そのために若い頃の僕は、ずいぶんとんがった嫌な奴と多くの先輩方から思われていたろうと思うし。しかも年を取った今現在も、相変わらず戦い続けているので、アンチmasaがたくさんいることを知っている。

でもそんなことはどうでもよいことだ。

思いが実現するかどうかはともかく、実現できない前に妥協してしまうことが一番駄目なことだと思っている。思いを現実に近づける途中で前のめりに倒れることはあるかもしれないが、機会と方法がある限り、消えない思いを追いかけようと思う。

そのために今も信じた道を進んでいる。その思いに共感してくださる人たちとつながりあって、答えを探し続けている。
陽だまり
私たちは、自分自身が光輝く太陽になる必要はない。私たちの役割とは、何かが発した光や誰かの温もりを、利用者に届けるために工夫をすることだ。

光の届かない場所に光を届ける工夫、光の届かない場所に居る人を光の届く場所に連れていく工夫、光のある場所の温もりをできるだけ護る工夫・・・。それができる人が本物の社会福祉援助者だと思う。

介護保険制度にしても、その他の社会福祉制度にしても、所詮は人間が作り出したルールに過ぎない。そんなものがすべての人の救いになるわけがない。

だがその制度を運用する人々が知恵を働かせて、制度の光の部分をできるだけ周囲の人々に届けることはできるはずだ。対人援助のプロとして、私たちはそうした立場で制度を運用する役割を与えられているのだと思う。

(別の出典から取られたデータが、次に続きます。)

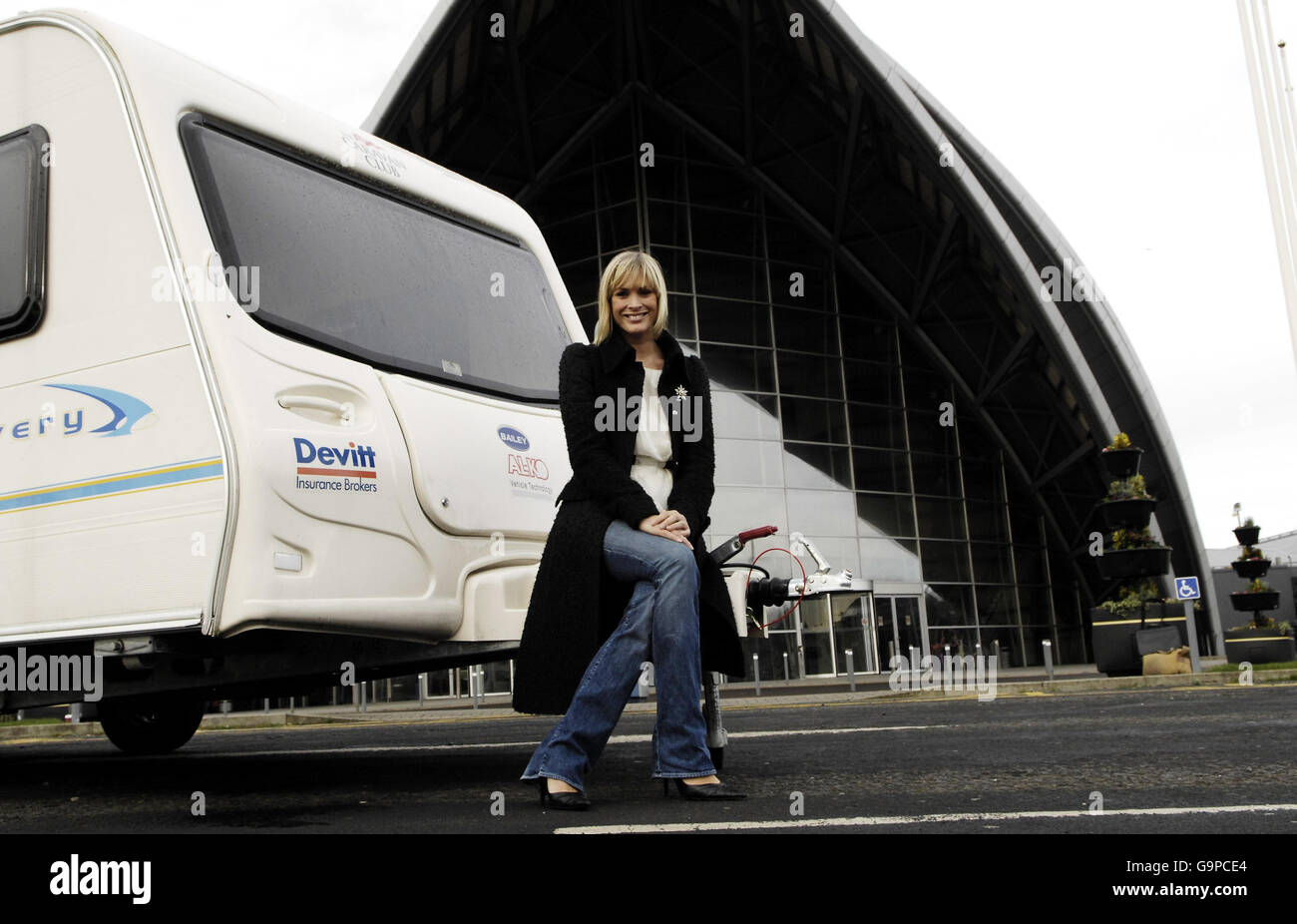 Spettacolo all'aperto e caravan scozzese. Il presentatore televisivo Jenni Falconer apre lo Scottish Caravan and Outdoor Show al SECC di Glasgow. Foto Stock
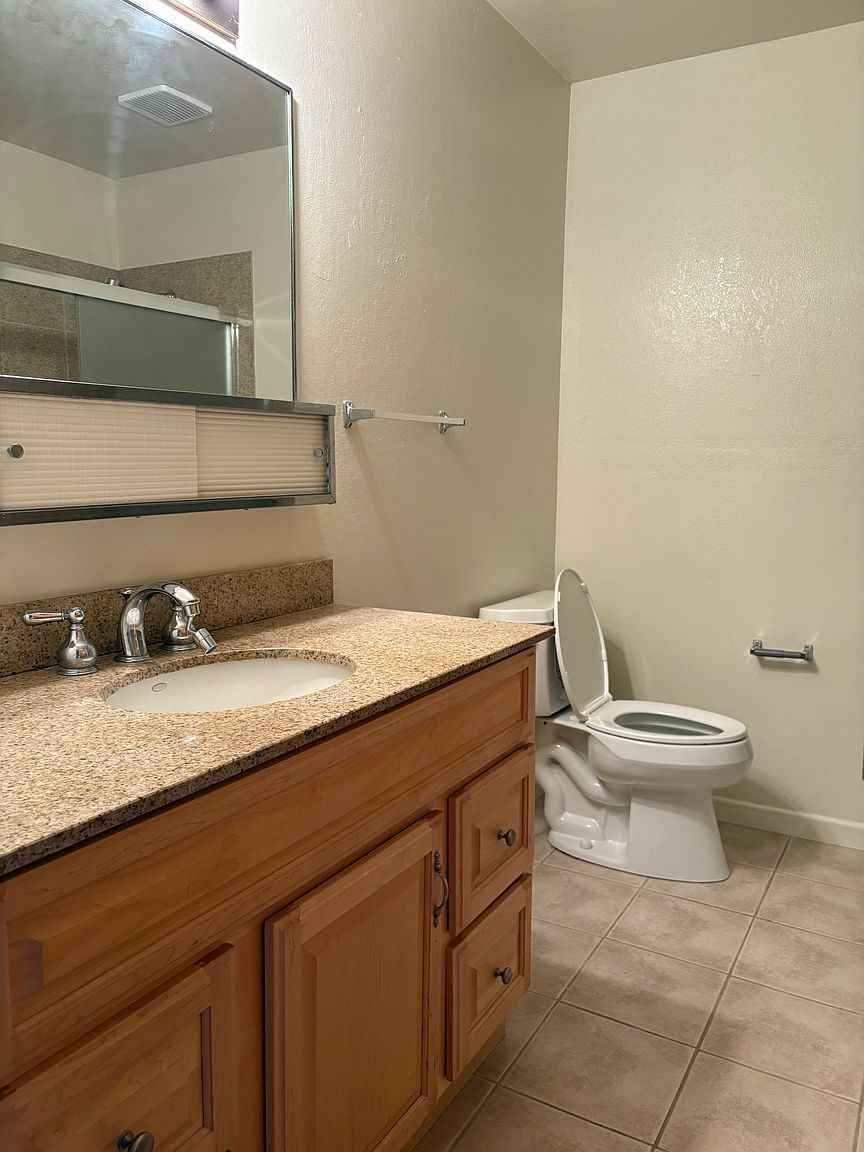 4664 Heyer Ave photo 4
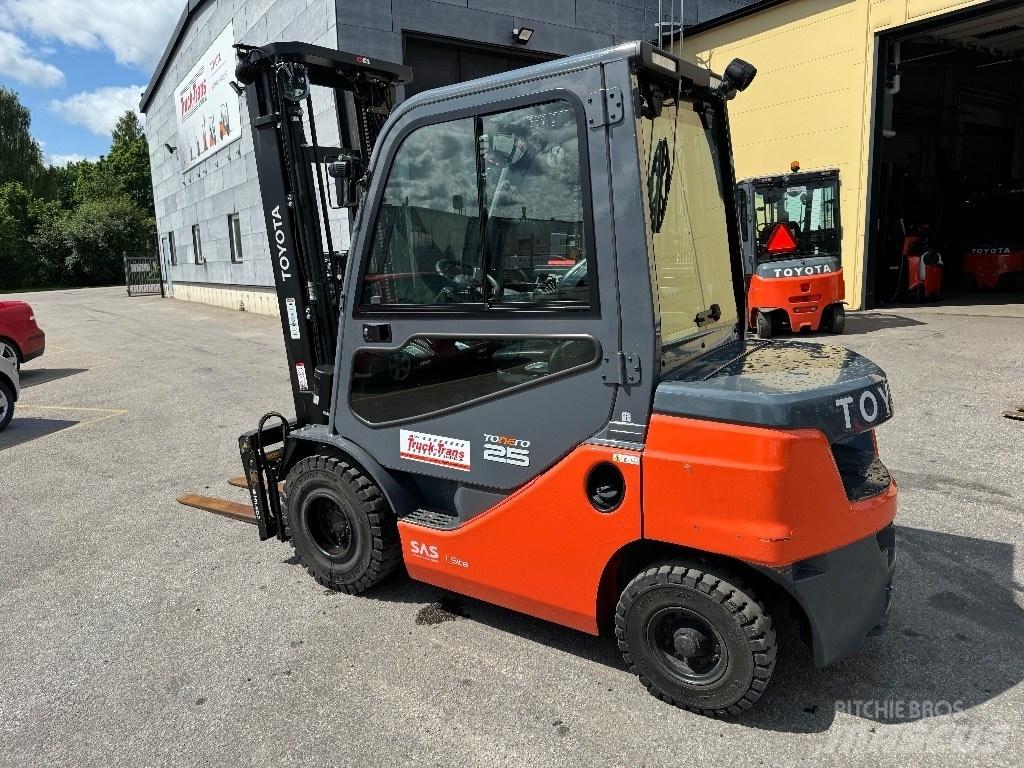 Toyota 52-8FDF25 Dizelski viličari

この国には、介護サービスを利用する必要があるものの、実際にサービス利用したとたんに、心身の障害を持つというだけで、年端のいかない人生の後輩である若い介護職員にため口対応されて悔しがる介護サービス利用者が存在する。

よそよそしくならないようにという屁理屈で、無礼ななれなれしい言葉遣いを直さない介護職員によって、心を殺される要介護高齢者がなくならない。

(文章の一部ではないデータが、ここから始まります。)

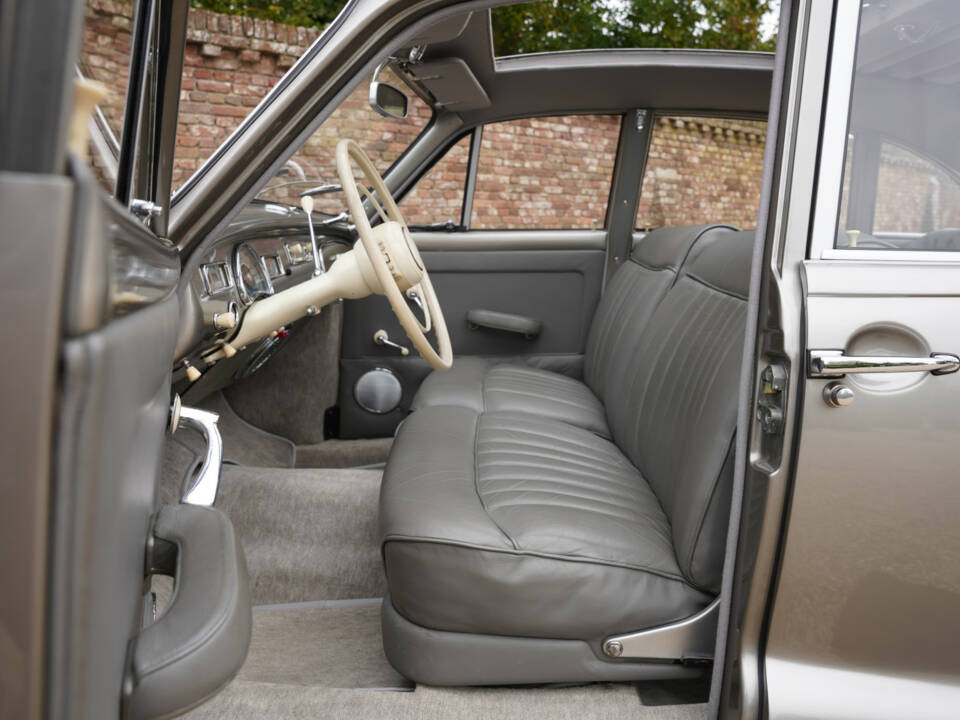 Immagine 3/50 di BMW 501 V8 (1965)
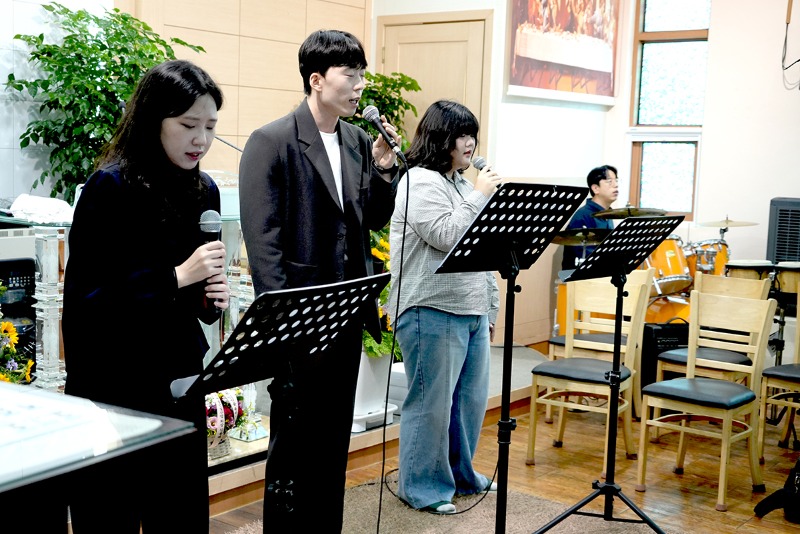 01청년찬양팀 찬양인도.JPG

そんな偏見やバリアを、一つ一つ壊していくのが僕の役割だと思う。

そのためには特定の介護事業所の民度の低さ・特定の介護職員の知性の低さを遠慮せずに指摘しなければならない時がある。それも厭わずに続けていこう。そのことで誰かに忌み嫌わたとしても本望だ。

今週も北海道の障碍者支援施設を舞台にした虐待が明らかになった。今朝、僕は自分のフェイスブックに下記のように書き込んだ。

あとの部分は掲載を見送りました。